Bivariate Causal Discovery Using Rate-Distortion MDL: An Information Dimension Approach

arXiv cs.LG / 4/8/2026

💬 OpinionSignals & Early TrendsIdeas & Deep AnalysisModels & Research

Key Points

  • The paper introduces rate-distortion MDL (RDMDL), a new bivariate causal discovery method built on the minimum description length (MDL) principle and rate-distortion theory.
  • It argues that prior MDL-based causal discovery approaches mis-estimate the description length contribution from the cause variable, causing the direction decision to be driven too heavily by the causal mechanism.
  • RDMDL estimates the cause’s description length via a minimum rate required to reach a distortion level inferred from histogram-based density estimation.
  • The method computes the rate using an information-dimension-based asymptotic approximation and combines it with a conventional description-length approach for the causal mechanism.
  • Experiments on the Tübingen dataset show RDMDL achieves competitive results, and the authors provide publicly available code and experiments.

Abstract

Approaches to bivariate causal discovery based on the minimum description length (MDL) principle approximate the (uncomputable) Kolmogorov complexity of the models in each causal direction, selecting the one with the lower total complexity.

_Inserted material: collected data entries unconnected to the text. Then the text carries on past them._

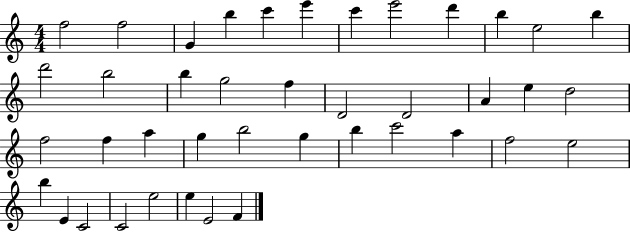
F5/h F5/h G4/q B5/q C6/q E6/q C6/q E6/h D6/q B5/q E5/h B5/q D6/h B5/h B5/q G5/h F5/q D4/h D4/h A4/q E5/q D5/h F5/h F5/q A5/q G5/q B5/h G5/q B5/q C6/h A5/q F5/h E5/h B5/q E4/q C4/h C4/h E5/h E5/q E4/h F4/q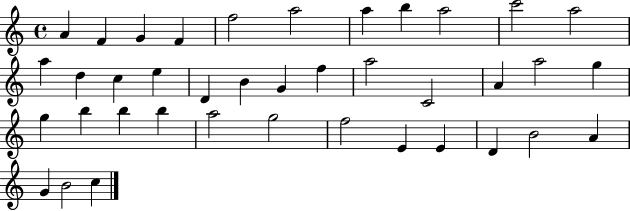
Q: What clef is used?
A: treble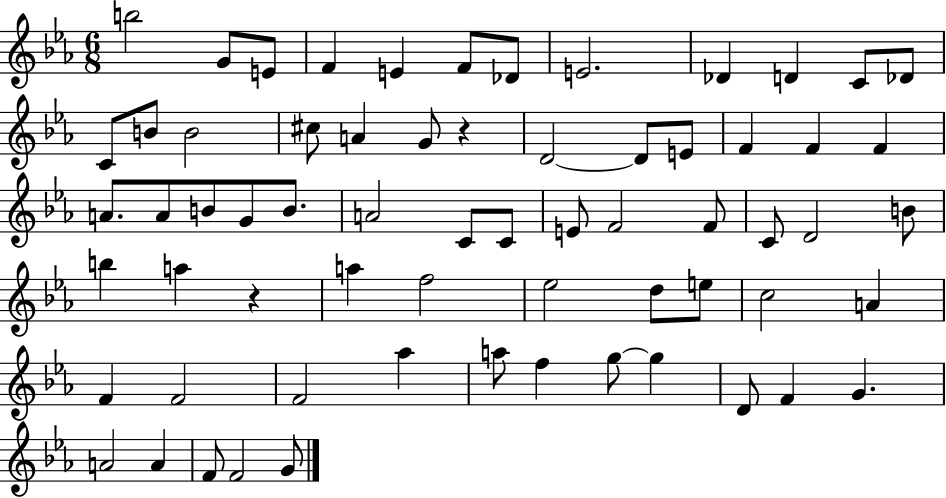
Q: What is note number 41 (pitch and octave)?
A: A5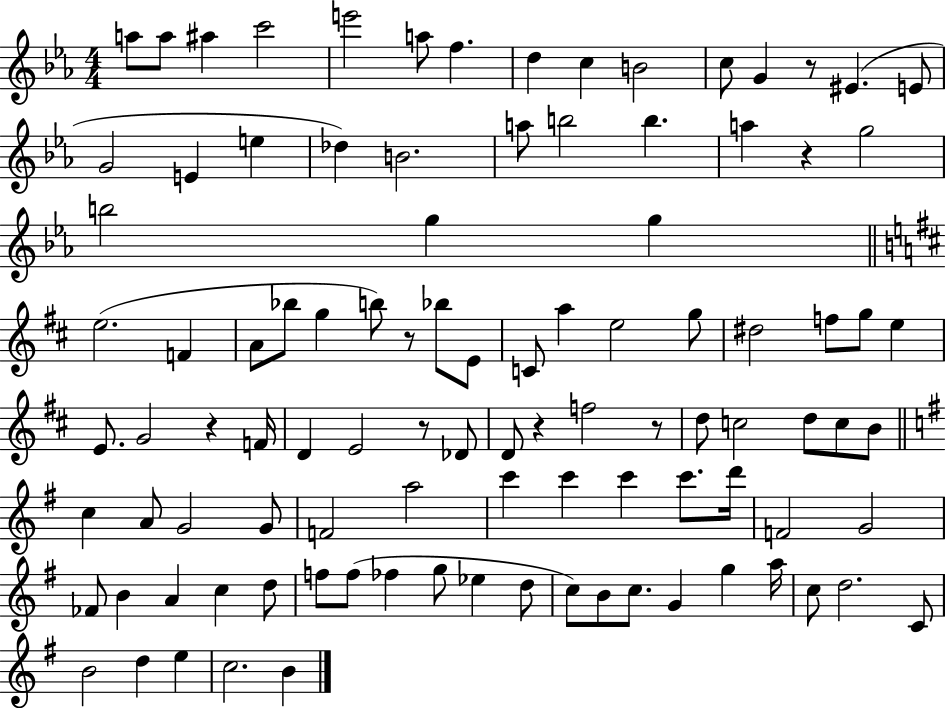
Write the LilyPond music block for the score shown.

{
  \clef treble
  \numericTimeSignature
  \time 4/4
  \key ees \major
  a''8 a''8 ais''4 c'''2 | e'''2 a''8 f''4. | d''4 c''4 b'2 | c''8 g'4 r8 eis'4.( e'8 | \break g'2 e'4 e''4 | des''4) b'2. | a''8 b''2 b''4. | a''4 r4 g''2 | \break b''2 g''4 g''4 | \bar "||" \break \key b \minor e''2.( f'4 | a'8 bes''8 g''4 b''8) r8 bes''8 e'8 | c'8 a''4 e''2 g''8 | dis''2 f''8 g''8 e''4 | \break e'8. g'2 r4 f'16 | d'4 e'2 r8 des'8 | d'8 r4 f''2 r8 | d''8 c''2 d''8 c''8 b'8 | \break \bar "||" \break \key g \major c''4 a'8 g'2 g'8 | f'2 a''2 | c'''4 c'''4 c'''4 c'''8. d'''16 | f'2 g'2 | \break fes'8 b'4 a'4 c''4 d''8 | f''8 f''8( fes''4 g''8 ees''4 d''8 | c''8) b'8 c''8. g'4 g''4 a''16 | c''8 d''2. c'8 | \break b'2 d''4 e''4 | c''2. b'4 | \bar "|."
}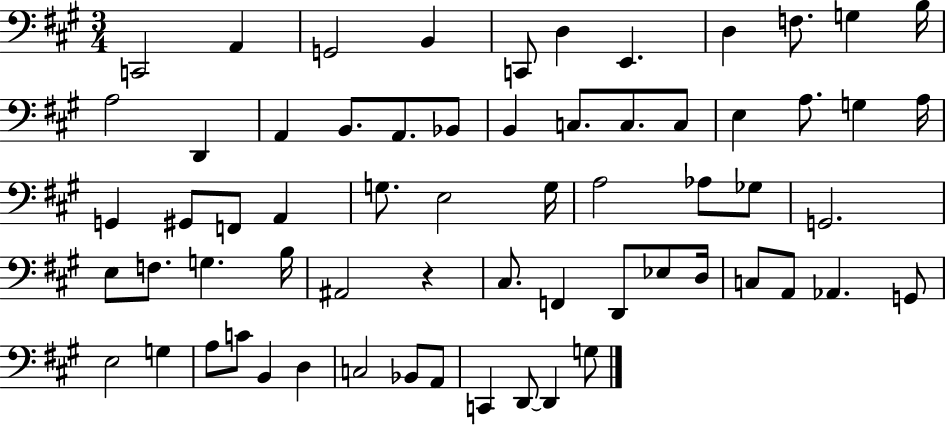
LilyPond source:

{
  \clef bass
  \numericTimeSignature
  \time 3/4
  \key a \major
  c,2 a,4 | g,2 b,4 | c,8 d4 e,4. | d4 f8. g4 b16 | \break a2 d,4 | a,4 b,8. a,8. bes,8 | b,4 c8. c8. c8 | e4 a8. g4 a16 | \break g,4 gis,8 f,8 a,4 | g8. e2 g16 | a2 aes8 ges8 | g,2. | \break e8 f8. g4. b16 | ais,2 r4 | cis8. f,4 d,8 ees8 d16 | c8 a,8 aes,4. g,8 | \break e2 g4 | a8 c'8 b,4 d4 | c2 bes,8 a,8 | c,4 d,8~~ d,4 g8 | \break \bar "|."
}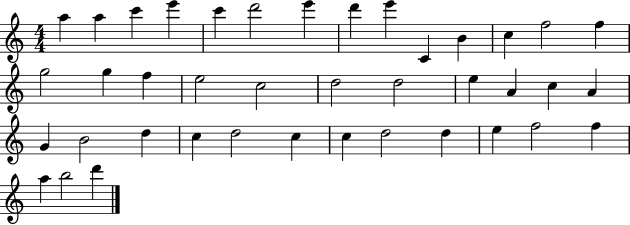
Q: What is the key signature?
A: C major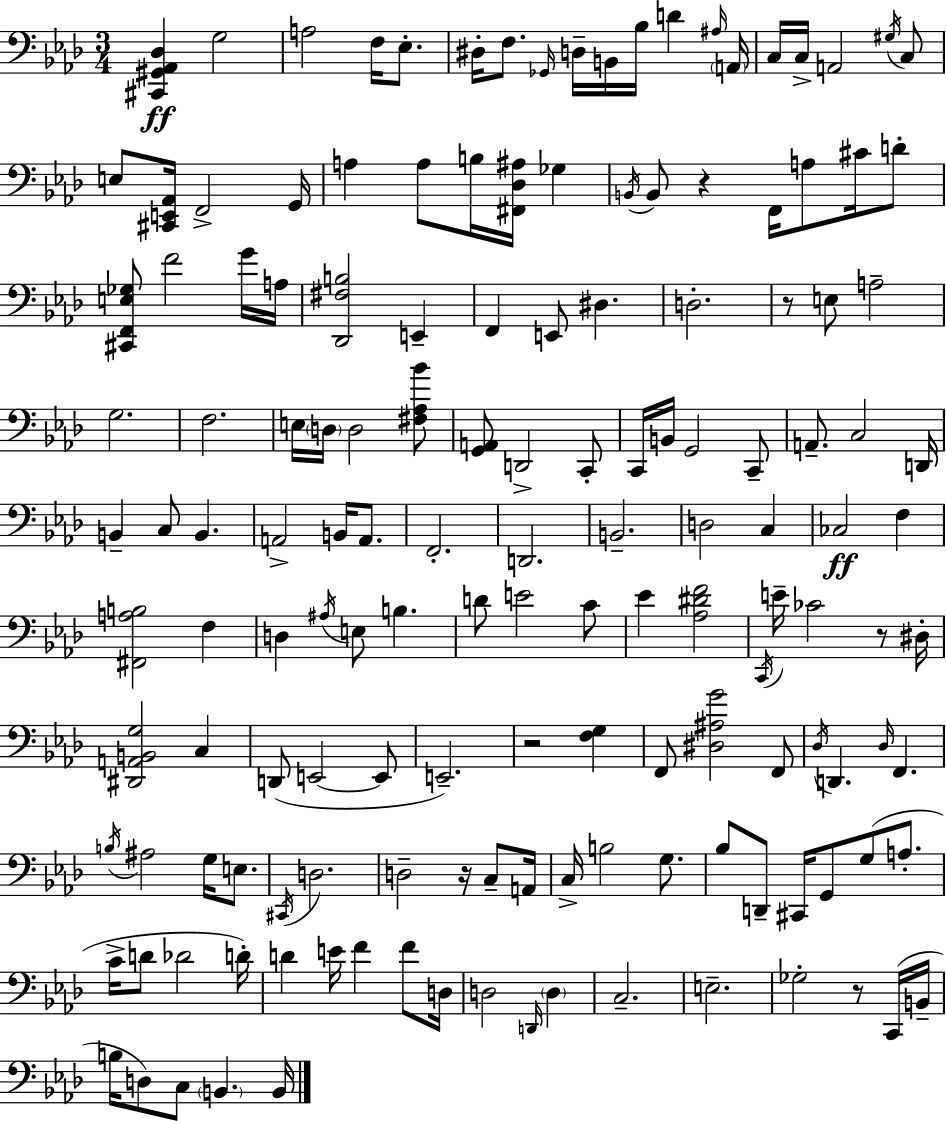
[C#2,G#2,Ab2,Db3]/q G3/h A3/h F3/s Eb3/e. D#3/s F3/e. Gb2/s D3/s B2/s Bb3/s D4/q A#3/s A2/s C3/s C3/s A2/h G#3/s C3/e E3/e [C#2,E2,Ab2]/s F2/h G2/s A3/q A3/e B3/s [F#2,Db3,A#3]/s Gb3/q B2/s B2/e R/q F2/s A3/e C#4/s D4/e [C#2,F2,E3,Gb3]/e F4/h G4/s A3/s [Db2,F#3,B3]/h E2/q F2/q E2/e D#3/q. D3/h. R/e E3/e A3/h G3/h. F3/h. E3/s D3/s D3/h [F#3,Ab3,Bb4]/e [G2,A2]/e D2/h C2/e C2/s B2/s G2/h C2/e A2/e. C3/h D2/s B2/q C3/e B2/q. A2/h B2/s A2/e. F2/h. D2/h. B2/h. D3/h C3/q CES3/h F3/q [F#2,A3,B3]/h F3/q D3/q A#3/s E3/e B3/q. D4/e E4/h C4/e Eb4/q [Ab3,D#4,F4]/h C2/s E4/s CES4/h R/e D#3/s [D#2,A2,B2,G3]/h C3/q D2/e E2/h E2/e E2/h. R/h [F3,G3]/q F2/e [D#3,A#3,G4]/h F2/e Db3/s D2/q. Db3/s F2/q. B3/s A#3/h G3/s E3/e. C#2/s D3/h. D3/h R/s C3/e A2/s C3/s B3/h G3/e. Bb3/e D2/e C#2/s G2/e G3/e A3/e. C4/s D4/e Db4/h D4/s D4/q E4/s F4/q F4/e D3/s D3/h D2/s D3/q C3/h. E3/h. Gb3/h R/e C2/s B2/s B3/s D3/e C3/e B2/q. B2/s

The premise is that nature's mechanisms are simpler in their true causal order. Inherently, the description length (complexity) in each direction includes the description of the cause variable and that of the causal mechanism. In this work, we argue that current state-of-the-art MDL-based methods do not correctly address the problem of estimating the description length of the cause variable, effectively leaving the decision to the description length of the causal mechanism. Based on rate-distortion theory, we propose a new way to measure the description length of the cause, corresponding to the minimum rate required to achieve a distortion level representative of the underlying distribution. This distortion level is deduced using rules from histogram-based density estimation, while the rate is computed using the related concept of information dimension, based on an asymptotic approximation. Combining it with a traditional approach for the causal mechanism, we introduce a new bivariate causal discovery method, termed rate-distortion MDL (RDMDL). We show experimentally that RDMDL achieves competitive performance on the T\"ubingen dataset. All the code and experiments are publicly available at github.com/tiagobrogueira/Causal-Discovery-In-Exchangeable-Data.